To illustrate, I was about halfway through my book when I got writer’s block. The characters were running from an evil government trying to capture them and I thought maybe that would be what the whole story was about. Running and fighting. However, my writer’s block was trying to tell me I needed to change direction. 

I quickly realized that the characters simply running from the bad guys was too stagnant. The characters couldn’t grow and change on this course, nor could they learn more about their world. So I deleted the last page I had written and ambushed the characters with a load of trouble. Half the characters were captured, while the other characters argued and fought to rescue their captured friends. In this way, the characters could learn more about themselves and the world around them in an active way. 

For me, writer’s block meant my characters weren’t going in the right direction. When I restructured the plot, my writer’s block went away. 

Here’s the point: eventually, your characters become their own people. If you have writer’s block, it probably means your characters aren’t going in the direction they are supposed to go. What do they need to grow and change?
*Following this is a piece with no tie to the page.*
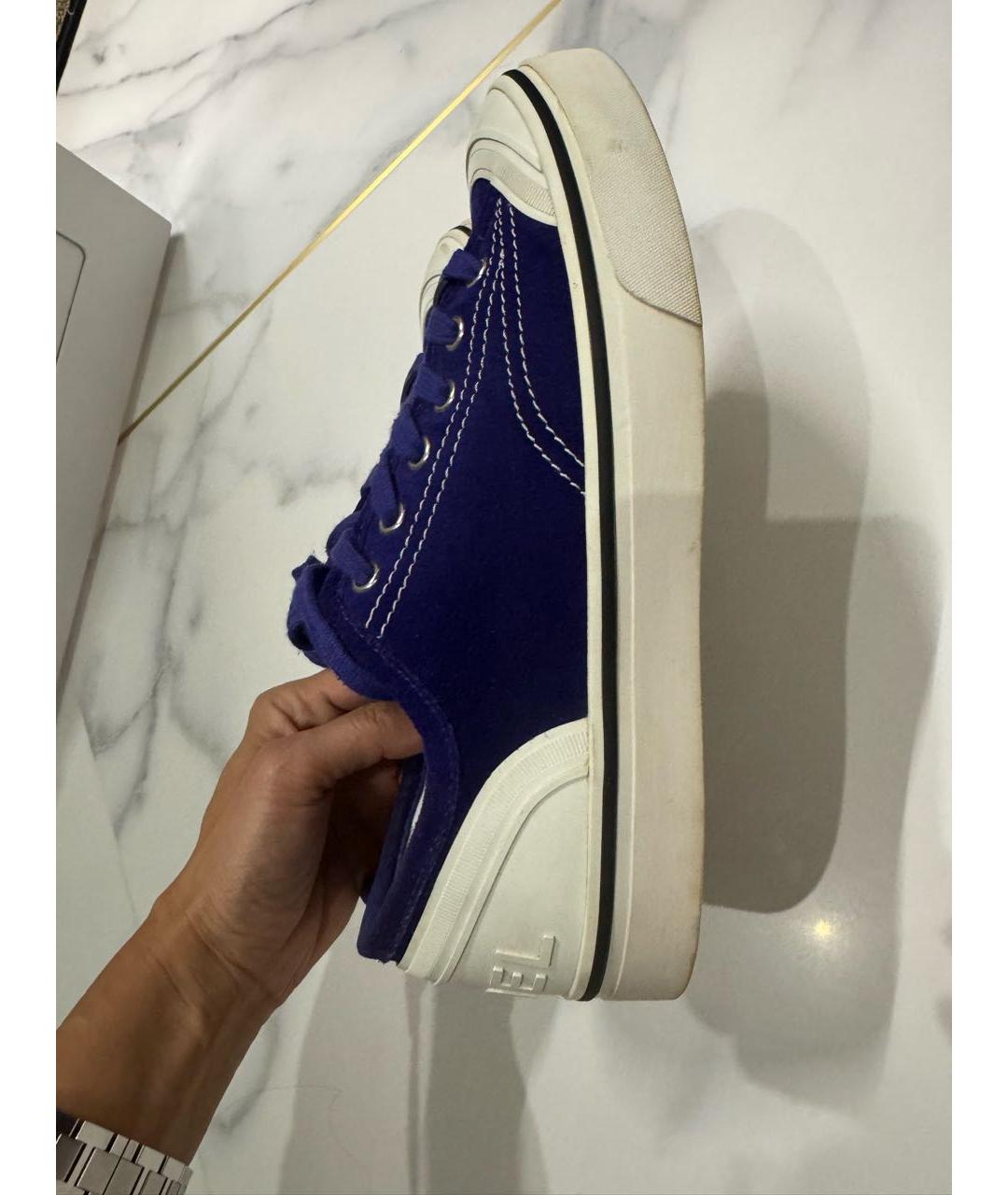 CHANEL Фиолетовые замшевые кеды, фото 6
What do they need to complete the Hero’s Journey? 

What to do When You are Finished Writing


Editing your finished book involves more than grammar fixes. You have to ensure the story itself is paced well, the characters are developed well, and everything is resolved by the end of the book. Even if you have a cliffhanger at the end of your novel, it’s important to remember that the main conflicts of the story still must be addressed.

It may be helpful to have other people read and edit your book. You can have experienced friends act as beta readers, ask a professor for some advice, or even hire a freelance editor. If you are editing the book yourself, consider reading The Artful Edit: On the Practice of Editing Yourself by Susan Bell. This book is a great resource because it addresses some of the most overlooked editing practices.


Publishing your book is one of the most exciting things you can do as a writer. However, there are two different kinds of publishing to choose from: traditional publishing versus self-publishing. To learn all about the two types of publishing, the pros and cons of each, and step-by-step instructions about how to go about each type of publishing, check out this article. For now, here are the basic differences between the two publishing avenues:

Traditional Publishing

Traditionally publishing is where your book gets picked up by a publishing company. The publishing company then makes copies of your book, sells it in stores, and sells it online. All of this comes at no cost to you. However, most publishing companies do not accept unsolicited work. Therefore, you will have to find an agent to represent you. Agents also work for you for free, but they take a percentage of your book sales after it is published. Essentially, agents help you edit and prepare your book for publication. The agent then sends your book to the publishing companies.

Though traditional publishing has many advantages, it is ultimately harder to do. It could take anywhere between a month and a few years for agent to ask to sign with you. Many writers never get signed at all. 


On the other hand, self-publishing is done solely by you. Rather than a publisher or agent getting your cover designed, the interior book formatted and edited, and your book marketed, you will have to do all those things yourself or pay to have them done for you.

Self-publishing makes it easier to get your book on sale fast, but it will ultimately cost you more money. Additionally, your book won’t likely get the same recognition as it would with a traditional publishing method. However, many writers prefer self-publishing because you keep the rights to your book and get full creative liberty over the story and cover design.

Moreover, there are many different self-publishing resources to help you get started. For example, Gatekeeper Press formats, designs, and distributes quality paperbacks, hardcovers, and eBooks at low costs. Unlike most other self-publishing resources, they make your book available at bookstores, retailers, and libraries worldwide. 

What are You Waiting for?

Now that you know all the ins and outs of writing and publishing your book, it’s time to get started. Get those ideas flowing and put them on paper!